Matching Stories vol.2
北陸地域の100年後の未来を育てたい~“地銀”と大学のコラボレーションを目指して~

北陸銀行 地域創生部
シニアフェロー 宮田健章 氏/主査 山上翔平 氏/主任 水上智恵 氏

毎年11月に石川県金沢市で北陸先端科学技術大学院大学未来創造イノベーション推進本部が主催して開催される、Matching HUB Hokurikuには、2日間で延べ1600名近くが参加し、北陸地域の活性化や新産業創出を目指したイノベーションの「種」が数多く生まれています。

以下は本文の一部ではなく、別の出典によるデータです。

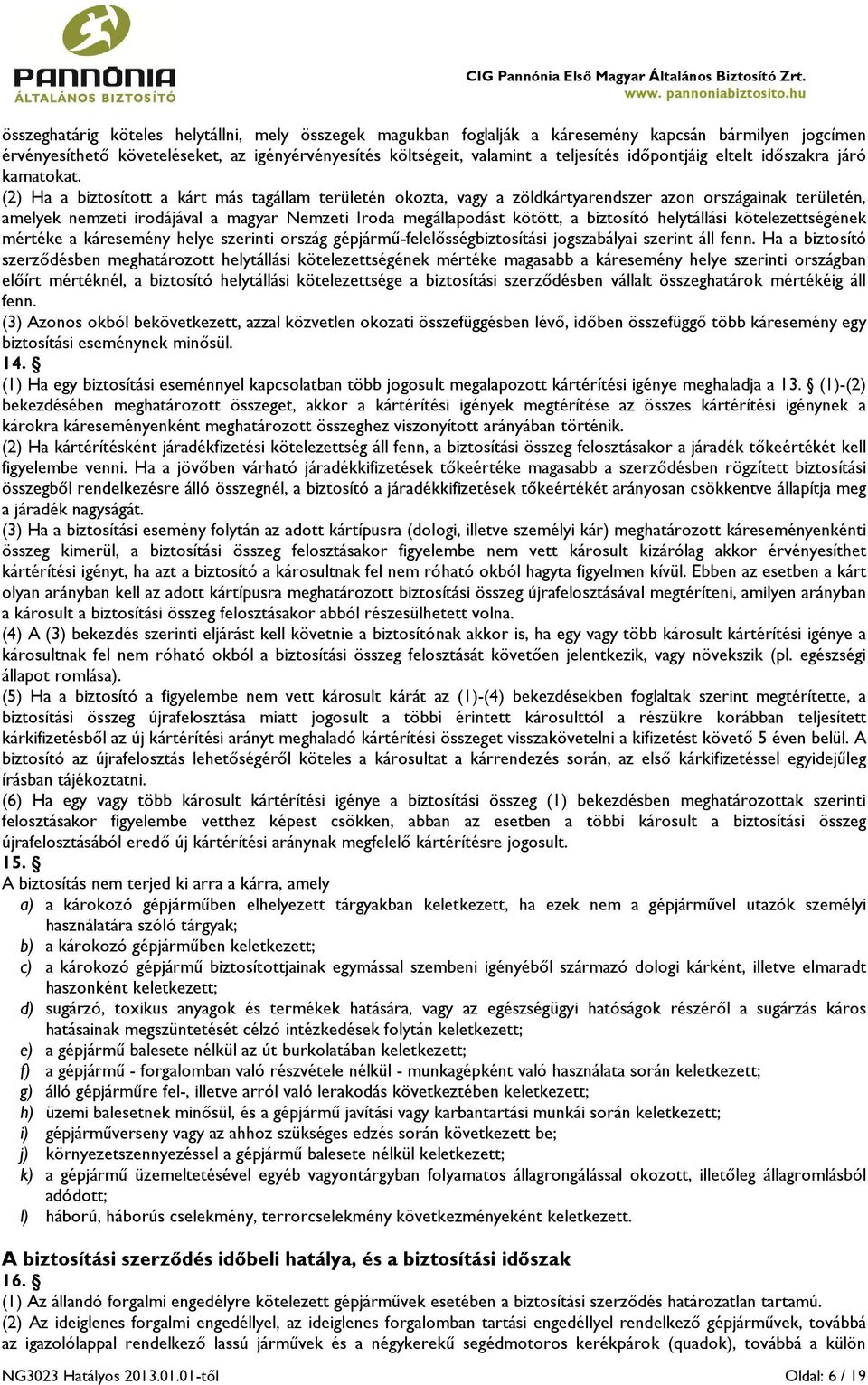 (2) Ha a biztosított a kárt más tagállam területén okozta, vagy a zöldkártyarendszer azon országainak területén, amelyek nemzeti irodájával a magyar Nemzeti Iroda megállapodást kötött, a biztosító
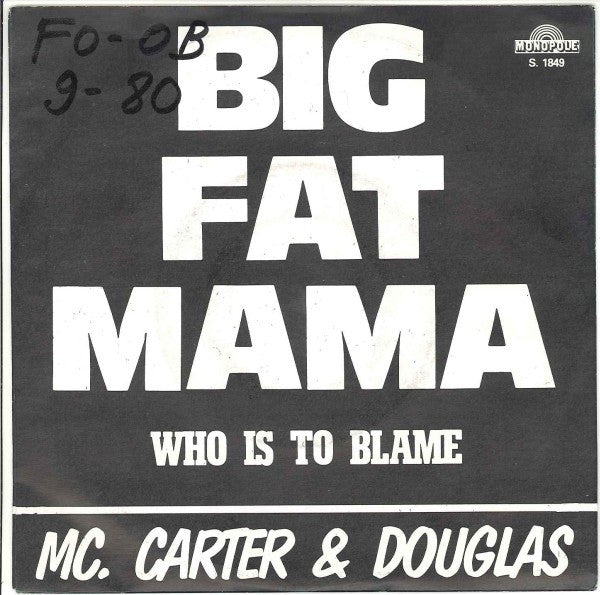 Mc.Carter And Douglas : Big Fat Mama (7", Single)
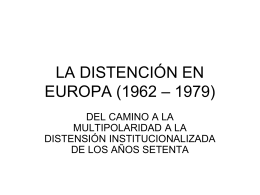 LA DISTENCIÓN (1962 – 1979)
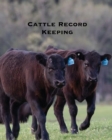 Cattle Record Keeping : Farmer Beef Calving Log, Farm, Track Livestock Breeding, Calves Journal, Immunizations & Vaccines Book, Cow Income & Expense Ledger - Book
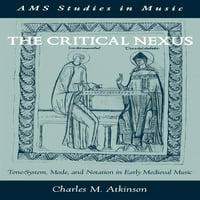 Tanulmányok a zenében: a kritikus Nexus: hangrendszer, mód és jelölés a kora középkori zenében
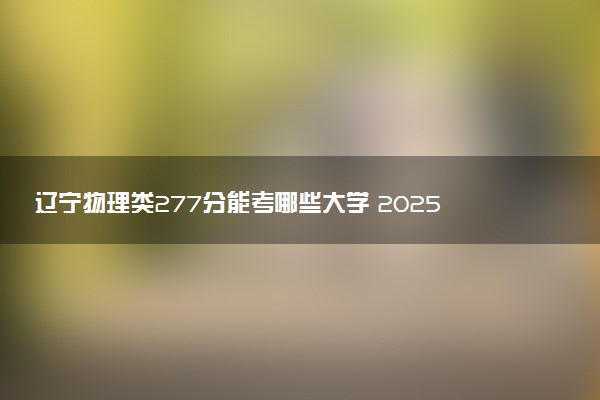 辽宁物理类277分能考哪些大学 2025考生稳上的大学名单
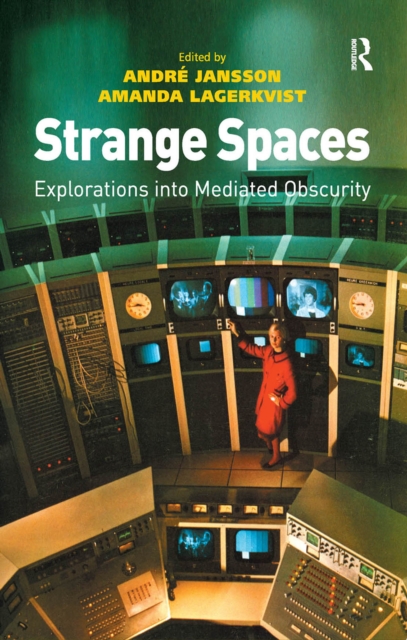 Strange Spaces : Explorations into Mediated Obscurity, PDF eBook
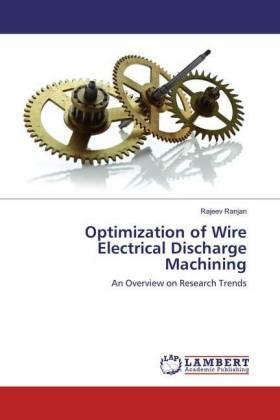 Ranjan |  Optimization of Wire Electrical Discharge Machining | Buch |  Sack Fachmedien
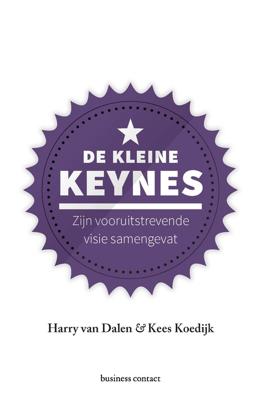 De kleine Keynes - Harry van Dalen, Kees Koedijk - ebook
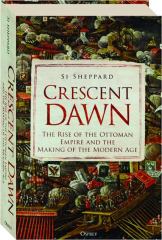 CRESCENT DAWN: The Rise of the Ottoman Empire and the Making of the Modern Age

今年で10周年を迎えるMatching HUB Hokurikuは、同じイノベーション創出の意志を持ったイノベーターたちが、ビジネスの種を創り芽へと成長させるべく、同じ空間、そして同じ時間に集う「場」として、北陸地域のイノベーション創出をけん引し続けています。

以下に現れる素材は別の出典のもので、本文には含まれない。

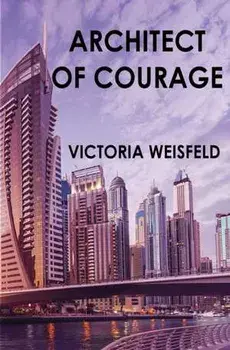 Architect of Courage, Paperback/Victoria Weisfeld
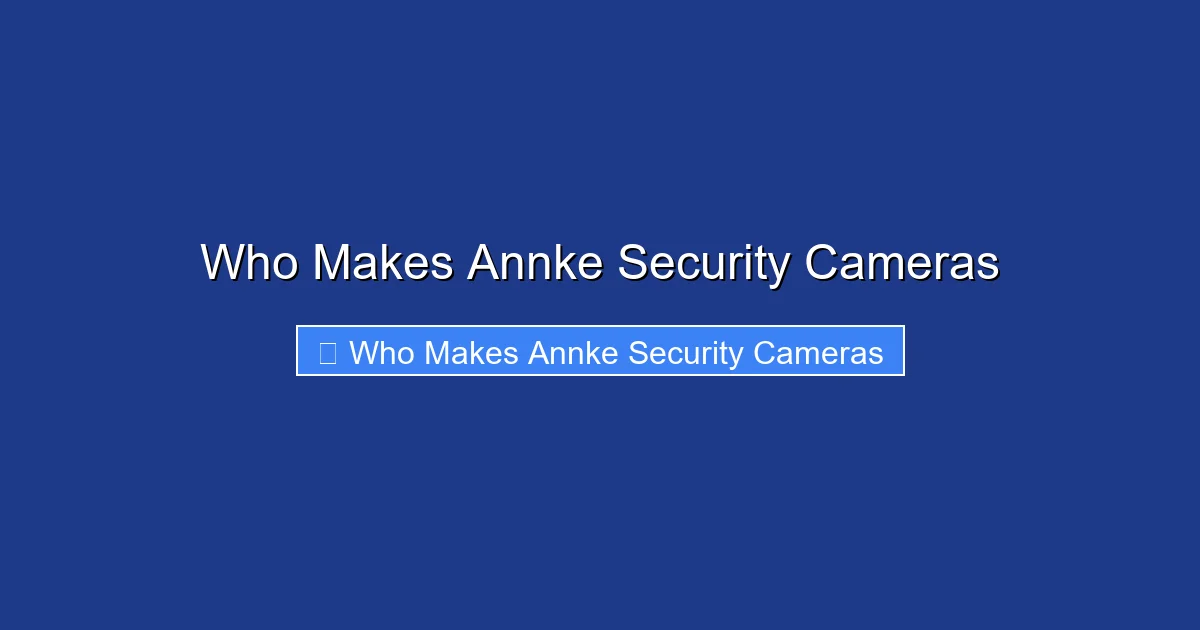 Who Makes Annke Security Cameras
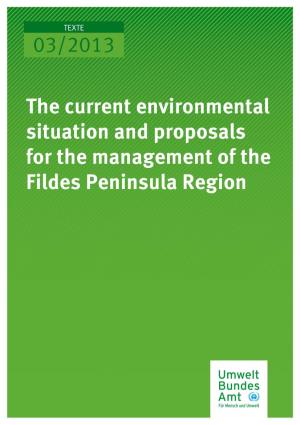 The Current Environmental Situation and Proposals for the Management of the Fildes Peninsula Region
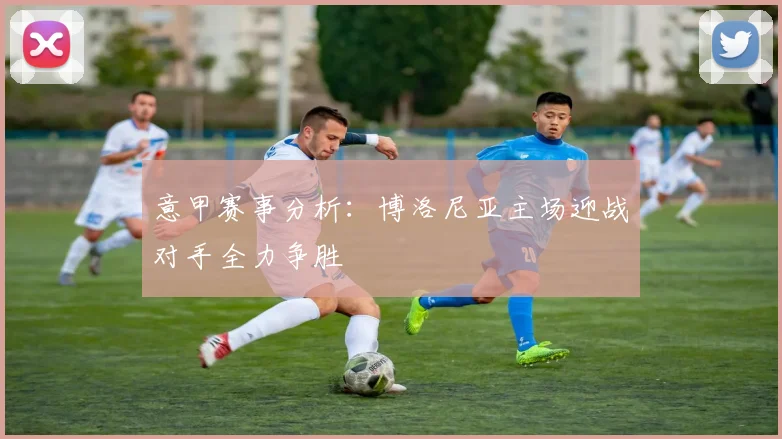 意甲赛事分析：博洛尼亚主场迎战对手全力争胜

※Matching HUBコンセプトムービーはこちらから

シリーズ「Matching Stories」では、そんな本学の取り組みに賛同し、ご支援をいただいているパートナー企業の皆様に、今後の産学官金連携の在り方や、大学とのコラボレーションの意義についてお伺いします。今回は、北陸銀行 地域創生部の宮田シニアフェロー、山上主査、そして今年から新たに着任された水上主任を訪ねました。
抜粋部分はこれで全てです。